Figure 3 shows the XRD patterns of the samples sintered at different temperatures. Minor phases such as Zn3(VO4)2, ZnV2O4, DyVO4, and VO2 were detected as secondary phases. The secondary phases were produced by the following chemical reaction.
3ZnO + V2O5 → Zn3(VO4)2
ZnO + V2O5 → ZnV2O4 + O2
Dy2O3 + V2O5 → 2DyVO4
V2O5 → 2VO2 + (1/2)O2
Among minor phases, VO2 (2 θ = 28.0650) almost disappeared when the sintering temperature exceeded 900℃. Also, the peak of ZnV2O4 reduced gradually with the increase of sintering temperature. However, the peaks of Zn3(VO4)2 and DyVO4 did not vary with the increase of sintering temperature. The reduction of the ZnV2O4 and VO2 peaks may therefore affect the nonlinear properties. The microstructure characteristic parameters are summarized in Table 1.
[Table 1] Average grain size (d), sintered density (ρ), breakdown field (EB), breakdown voltage per grain boundary (vgb), nonlinear coefficient (α), leakage current density (JL), dielectric constant (εAPP'), and dissipation factor (tanδ) of the varistor samples for different erbium amounts.
Average grain size (d), sintered density (ρ), breakdown field (EB), breakdown voltage per grain boundary (vgb), nonlinear coefficient (α), leakage current density (JL), dielectric constant (εAPP'), and dissipation factor (tanδ) of the varistor samples for different erbium amounts.

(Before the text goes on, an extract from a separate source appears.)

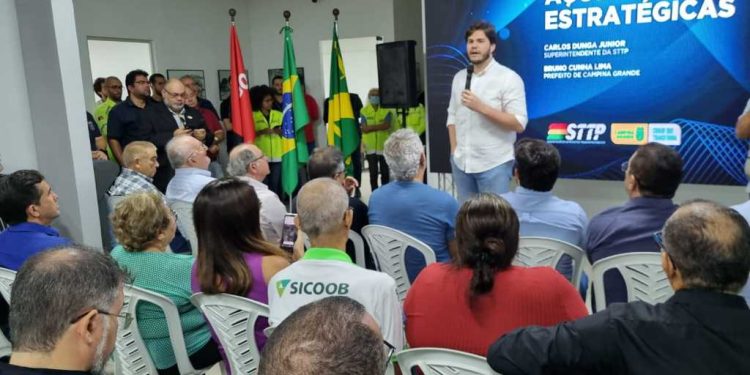 Prefeito Bruno Cunha Lima inaugura nova sede da STTP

Figure 4 shows the electric field-current density (E-J) characteristics of the samples sintered at different temperatures. The varistor is a type of voltage switcher that senses a critical voltage. Therefore, the characteristic curves are divided into two states based on critical voltage: off-state due to extremely high resistance before critical voltage and on-state due to extremely low resistance after critical voltage. However, the shape of the edge between the off-state and on-state somewhat differs with sintering temperature.

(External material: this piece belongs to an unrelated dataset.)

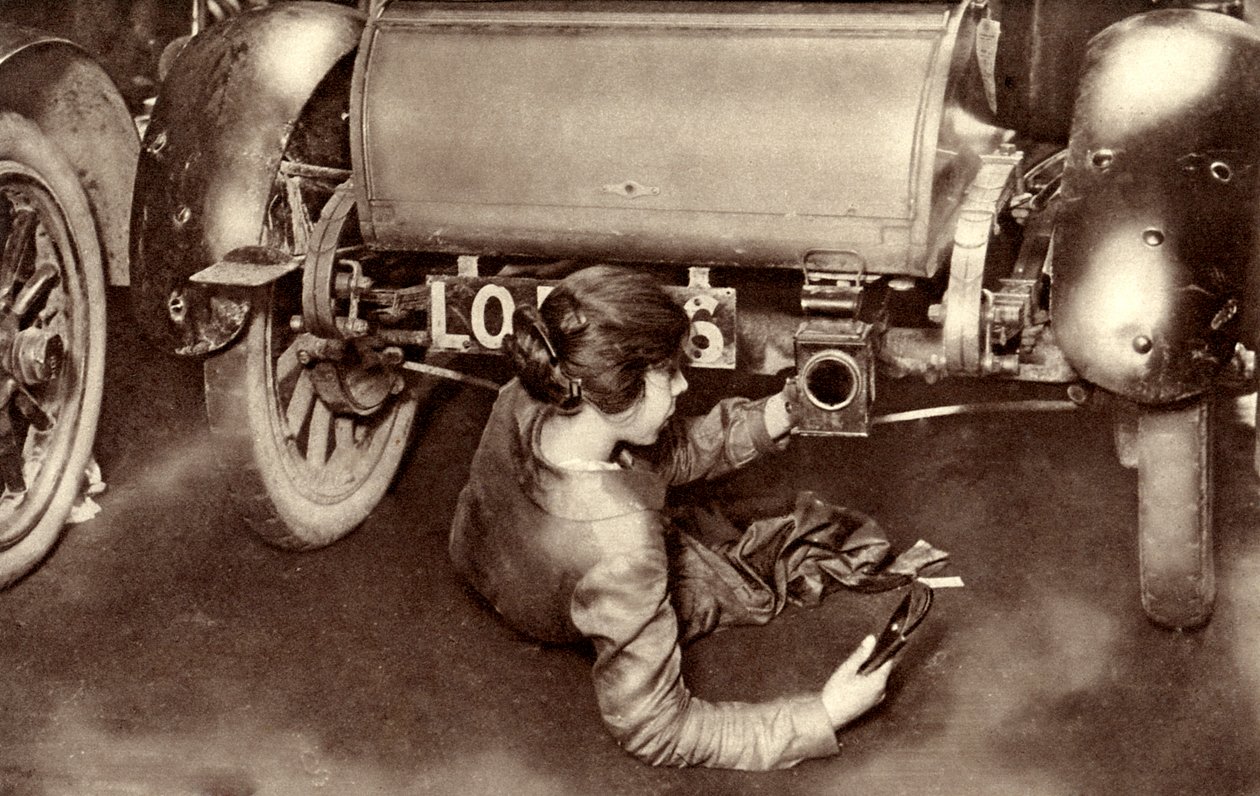 Meccanico donna durante la Prima Guerra Mondiale da Unbekannter Künstler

The breakdown field (EB) showed an abrupt tendency of change from 6095 to 996 V/cm with the increase of sintering temperature. EB is mainly controlled by the average grain size (d) and it weakly depends on the breakdown voltage per grain boundary (vgb). The breakdown voltage (VB) is indicated through the expression, VB = (D/d)·vgb = n·vgb. As a result, EB is written as follows: EB = vgb/d, where d is the average grain size, D is the thickness of sample, and n is the number of grain boundaries . As a result, the decrease of EB with the increase of sintering temperature is attributed to the increase of the average ZnO grain size and the decrease of breakdown voltage per grain boundary.
The tendency of change in the nonlinear coefficient (α) as a function of sintering temperature is shown graphically in Fig. 5. α increased from 27.6 to 40 until the sintering temperature reached 900℃. When the sintering temperature exceeded 900℃, α decreased to below 10, and a further increase in sintering temperature again increased α. α exhibited fluctuation in the tendency of change with the increase of sintering temperature. In light of the tendency of change in α, the sintering temperature has a noticeable effect on nonlinear properties despite small sintering changes. It is worth noting that the sample sintered at a temperature as low as 875℃ exhibited a α value reaching α =27.1. This suggests a potential possibility at low temperature sintering. The behavior of α in accordance with sintering temperature is related to the potential barrier height, which strongly depends on the electronic trap states, such as the zinc vacancies (VZn), interstitial zinc (Zni), ionized donor-like (DZn) oxygen (Oi ), etc. at the grain boundaries . Furthermore, these defects will be affected by sintering temperature. As mentioned in the XRD analysis, minor phases such as ZnV2O4 and VO2, in particular VO2, were affected by the sintering temperature exceeding 925℃. It is strongly assumed that this may change the density of interface states, in light of the decrease of the nonlinear coefficient.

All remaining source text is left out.